WORK REQUIRED:
Every line below is to be set down again exactly; any image stays out.

RAW DATA:

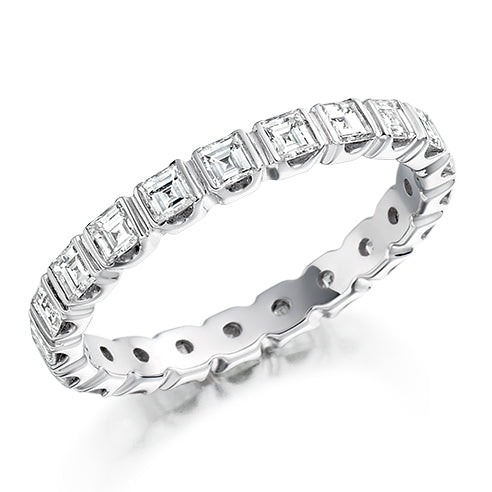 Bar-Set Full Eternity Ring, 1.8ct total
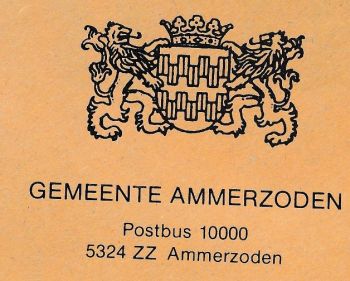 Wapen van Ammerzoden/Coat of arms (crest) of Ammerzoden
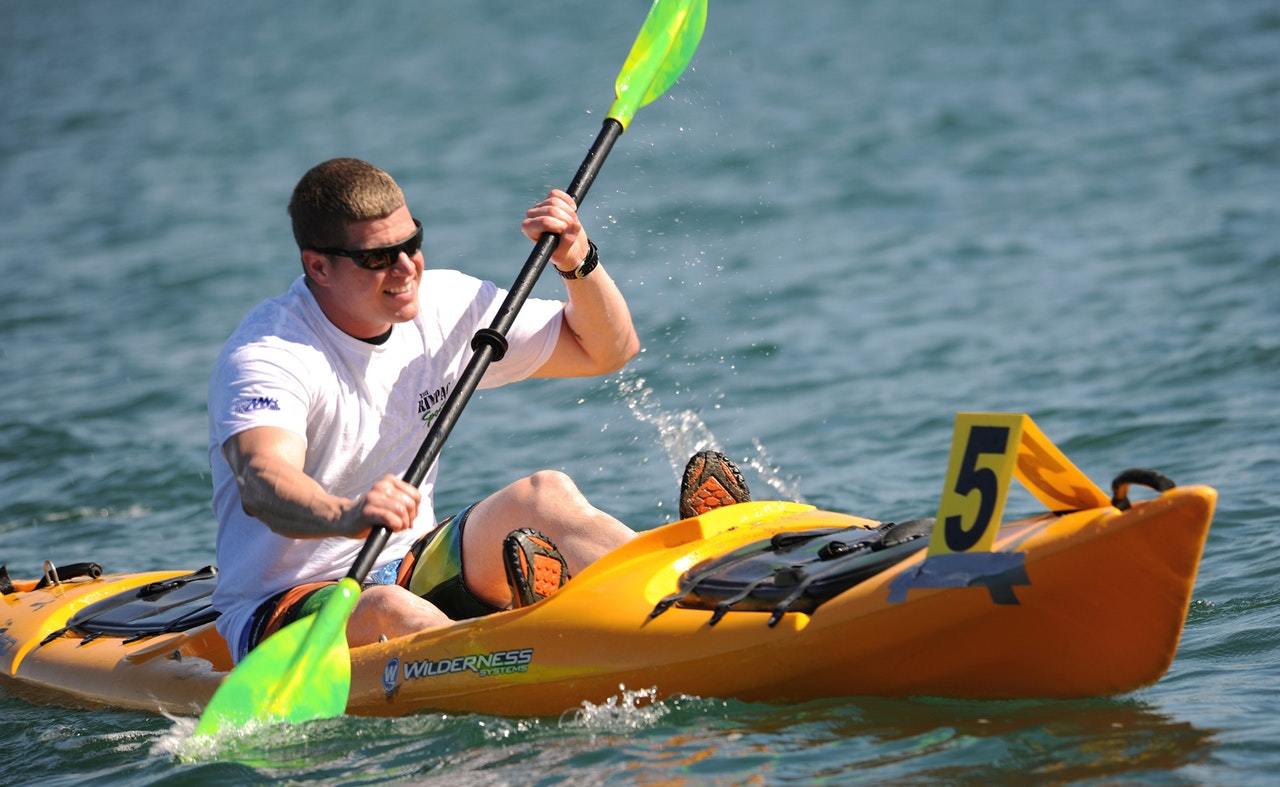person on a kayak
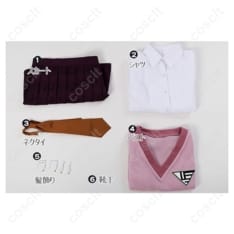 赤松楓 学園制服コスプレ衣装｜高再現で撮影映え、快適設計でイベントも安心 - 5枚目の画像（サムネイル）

RESPONSE FOR THIS EXERCISE:
 Bar-Set Full Eternity Ring, 1.8ct total
 Wapen van Ammerzoden/Coat of arms (crest) of Ammerzoden
person on a kayak
 赤松楓 学園制服コスプレ衣装｜高再現で撮影映え、快適設計でイベントも安心 - 5枚目の画像（サムネイル）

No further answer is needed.